NOTE: I think I’ve written about this elsewhere, but search isn’t finding it today.

If you like beef liver, Skylark has a great little frozen 16 oz. package. It costs from $4-6 depending upon where you get it. I’ve bought it at both Food Lion and Walmart, and see that Publix is also supposed to have it, but the same package is a little more expensive there. There are 4 individually wrapped packages (4 oz.) in the 16 oz. package. *I know from experience, that it lasts a long time in the freezer, and still comes out good. I had bought a package of this, don’t recall from where, and had it in my freezer for probably more than a year. I was unaware that there were four individually wrapped packs of liver in the one 16 oz. package. When I saw this, finally, I took out one pack to thaw. *I’ve found a frozen pack will thaw in about an hour and be ready for cooking, which only takes about 3 or 4 minutes total. Just cut one end of the single serving pack and hold up the other end over your frying pan and it just slips out easily and starts cooking. Flip the slice in about 3 minutes and the other side cooks quickly.

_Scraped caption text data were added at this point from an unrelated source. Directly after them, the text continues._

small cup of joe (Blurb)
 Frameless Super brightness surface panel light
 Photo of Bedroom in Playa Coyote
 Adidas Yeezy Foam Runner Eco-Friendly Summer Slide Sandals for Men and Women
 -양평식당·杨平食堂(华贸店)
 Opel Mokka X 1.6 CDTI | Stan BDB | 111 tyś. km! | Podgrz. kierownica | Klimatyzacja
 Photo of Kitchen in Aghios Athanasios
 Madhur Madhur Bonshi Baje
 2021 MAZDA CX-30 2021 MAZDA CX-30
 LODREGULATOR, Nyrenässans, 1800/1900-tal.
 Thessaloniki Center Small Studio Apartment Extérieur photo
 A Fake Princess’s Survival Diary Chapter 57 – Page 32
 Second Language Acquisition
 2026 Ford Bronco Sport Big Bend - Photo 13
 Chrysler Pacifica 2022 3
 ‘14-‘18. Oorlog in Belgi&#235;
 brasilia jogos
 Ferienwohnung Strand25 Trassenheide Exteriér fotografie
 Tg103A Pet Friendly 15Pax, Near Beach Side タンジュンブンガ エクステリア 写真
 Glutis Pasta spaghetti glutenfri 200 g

I like liver. I like beef and calves liver, and chicken livers (and gizzards). Fry up some onions in the same pan, and maybe have garden peas and some mashed potatoes as sides.


A couple of days ago I ate at Smithfield’s Chicken-n-BBQ. I had a BBQ plate with slaw and potato salad as my sides. I’ve noted this before, that the potatoes in the potato salad are mostly mashed in texture, not diced or chunks of potato. I don’t like mushy potatoes in dishes or soups, but I do like mashed potatoes.

So, a day or so later, at home, I thought about German Potato Salad, and I thought why not try mashing the potatoes instead of leaving them as chunks. I don’t think of German Potato Salad (or American Potato Salad for that matter) as not being chunky. That way you get a vinegar & sweetener coated chunk of potato which also has a little, pure potato center. My mind repulsed at the thought of mashing the potatoes for German Potato Salad, but it also logically told me, “You like the flavors, its just the texture you are ‘bawking’ at.”

So, I had a couple of small potatoes that I peeled and then diced, and then boiled until they were soft. And then the unnatural act, for me, I poured a little red wine vinegar and some sweetener on the potatoes and then mashed them. Surprisingly, the potatoes took the consistency of mashed potatoes (when you use margarine & half-n-half), although a slightly more pinkish hue. I sauteed some small diced onion in bacon grease until they began to take on burnt edges. I also fried a couple of pieces of bacon in the microwave. Then I mixed all of it together and tasted it. *It was good, after all it had all of the ingredients that I love in German Potato Salad. It was however, German Potato Salad Mashed Potatoes. This would be good wherever you might normally eat German Potato Salad… fried pork chops perhaps.

Recall that I fixed some mashed potatoes to which I had added some steamed, chopped asparagus. Strangely, I loved this combination, but I had no desire to eat the left-overs. Well here are two variations on a potato side dish.